To be fair, a good portion of the Democratic Party House and Senate members are also opposed to international reference pricing. Ditto for importing drugs from abroad, the other major threat in the executive order.
It is a bipartisan affair when it comes to refusing to rein in the outsized profits and bloated marketing budgets of pharmaceutical firms. Most of the science-based industry is headquartered and conducts research in the deep Blue enclaves of Boston, New Jersey/Pennsylvania, suburban Washington, D.C., San Diego and San Francisco/Silicon Valley.
Instead of taking concrete steps, Trump pulled another switcheroo. I’ll give you 30 days and then I’m turning the hot stinking mess over to RFK Jr. As senior writer Matthew Herper opined on STAT,
“President Trump could have walked softly and carried a big stick. As pharmaceutical investors see it, he instead stomped loudly and wielded a wet noodle.”
Assuming the HHS secretary doesn’t catch another brain worm from his weekend swim, he does have another option that wasn’t included in the executive order. He could expand the Medicare drug price negotiating authority included in the Biden administration’s Inflation Control Act, passed by the Democratically-controlled Congress in 2022. Instead of negotiating for just 15 additional drugs each year, they could add 30, or 50, or have negotiations cover all branded drugs.

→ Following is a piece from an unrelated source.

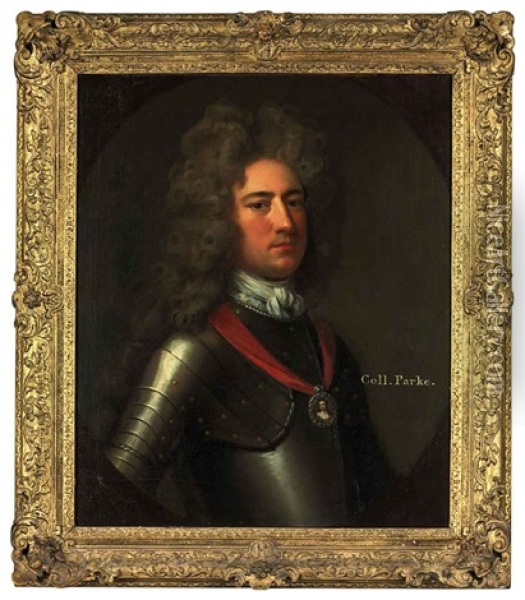Portrait Of Colonel Daniel Parke Colonial Governor And Army Officer, In Armor, With A Miniature Portrait Of Queen Anne Oil Painting - Michael Dahl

I doubt the Trump administration will get very far with its threat to force other advanced industrial countries with rational drug pricing systems to pay more for drugs. The order stated:
“The United States Trade Representative shall take all necessary and appropriate action to ensure foreign countries are not engaged in any act, policy, or practice that may be unreasonable or discriminatory or that may impair United States national security and that has the effect of forcing American patients to pay for a disproportionate amount of global pharmaceutical research and development, including by suppressing the price of pharmaceutical products below fair market value in foreign countries.”
Establishing “fair market value” is precisely how most foreign countries decide what they will pay for new drugs. First, their government-backed scientific panels determine new drugs’ medical value in terms of improved life expectancy and quality of life. Then, purchasing authorities use the studies to set a reasonable price. If drug companies refuse to meet that price, those countries don’t include the drugs on their reimbursable drug lists.
Fair market value in the U.S., on the other hand, is based on allowing drug firms to use their patent monopolies to set a price that is best described as whatever the market will bear.
I hope the new HHS team dusts off the international reference pricing rule and expands the Center for Medicare and Medicaid Services’ negotiating authority. We may know more in 30 days. Or, if it is anything like the daily changes in tariff policies, we won’t.


If you want lower drug prices, then you need Congress to pass a law.
And, even then, expect the drug companies to exploit every loophole.
Executive orders from a senile psychopath are an exercise in self stimulation.